First, Cadillac introduced the electric starter for combustion vehicles in the early twentieth century. That made combustion engines safer to operate, and removed a big argument for electric vehicles, even back then.

Second, improving the combustion vehicle was easier and cheaper. Ford made combustion vehicles cheap enough for just about any worker to afford. That cramped the electric vehicle market in a serious way.

Due to high fuel prices we are starting to see electric cars crop up again. The Toyota Prius is a hybrid–part electric, part gas-burning–but vehicles could make the move to entirely electric soon. So it’s smart to start thinking about electric cars as a viable option.

But do electric cars really make sense?

The biggest argument in favor of an electric vehicle is saving money on gas. But that argument might not wash, because the net savings over the time you own the car might be much lower than the savings per year might make you think. The problem starts with the purchase price of hybrids, which are close as you can get to an electric vehicle the average person can buy.

You’ll probably pay $3,000 more for a Prius than for a similar non-hybrid sedan. Let’s say you save $300 per year on gas by driving the hybrid. That means you’d have to keep your car for 10 years to break even. Only after that point do you start saving anything. Most people won’t keep their cars for over a decade, so they never see the savings on gas.

The second biggest argument in favor of an electric vehicle is saving the environment. But does it?

There are a couple varieties of electric vehicles on the market today, some costing less than others. Both use electricity to run, though, and most electricity comes from burning coal. Not only that, but manufacturing the batteries produces even more greenhouse gas emissions.

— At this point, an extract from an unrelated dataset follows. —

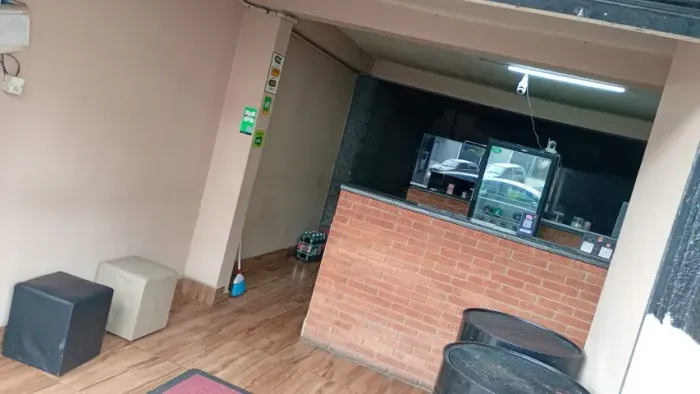 Passa-se Ponto: Pizzaria forno a lenha no Parque Grajaú
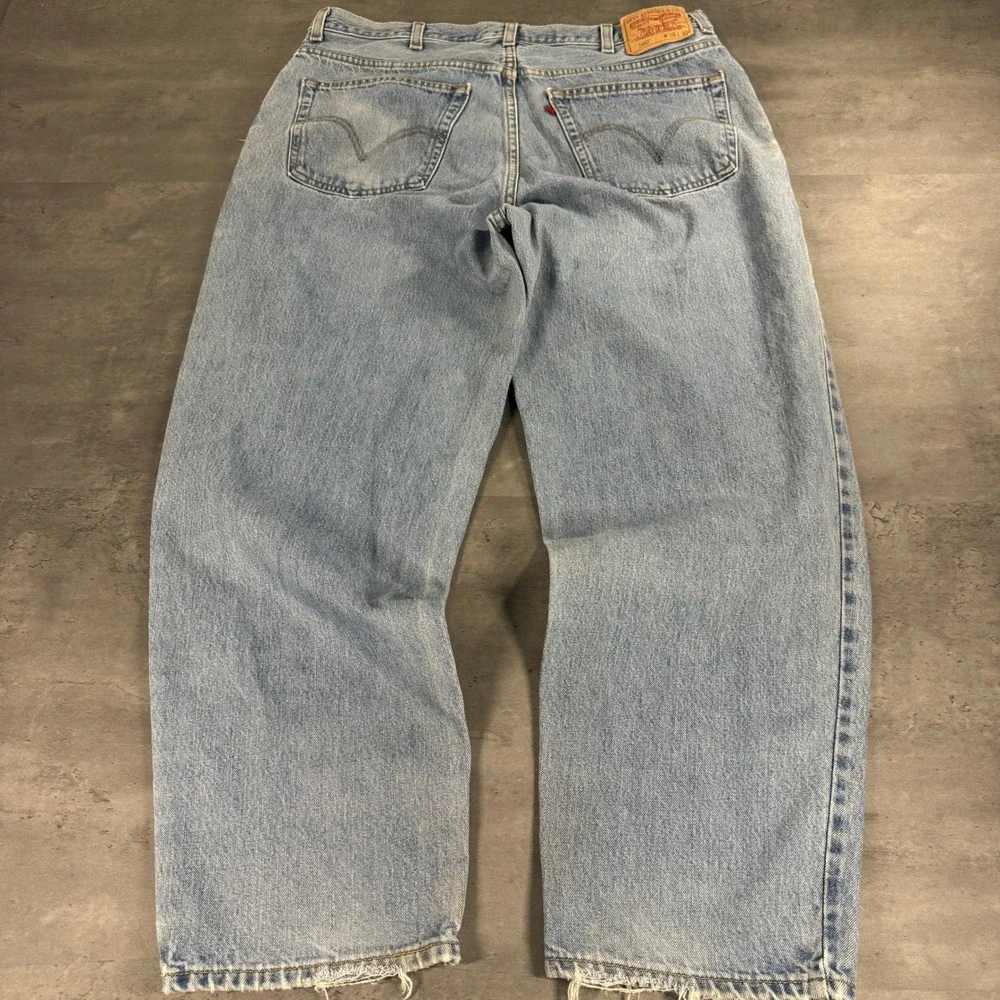 Vintage Levis 560 Jeans Men 38x30 Light‎ Wash Comfort Fit Baggy Distressed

Based on where you’re charging your hybrid, your electricity might be produced by burning a significant amount of coal, and you might not be helping the environment at all. Your Prius might be responsible for generating as much greenhouse gas as any combustion car.

That does not mean electric vehicles are a pipe dream, but it does mean we have a ways to go before a truly environmentally friendly, economical electric car becomes a reality.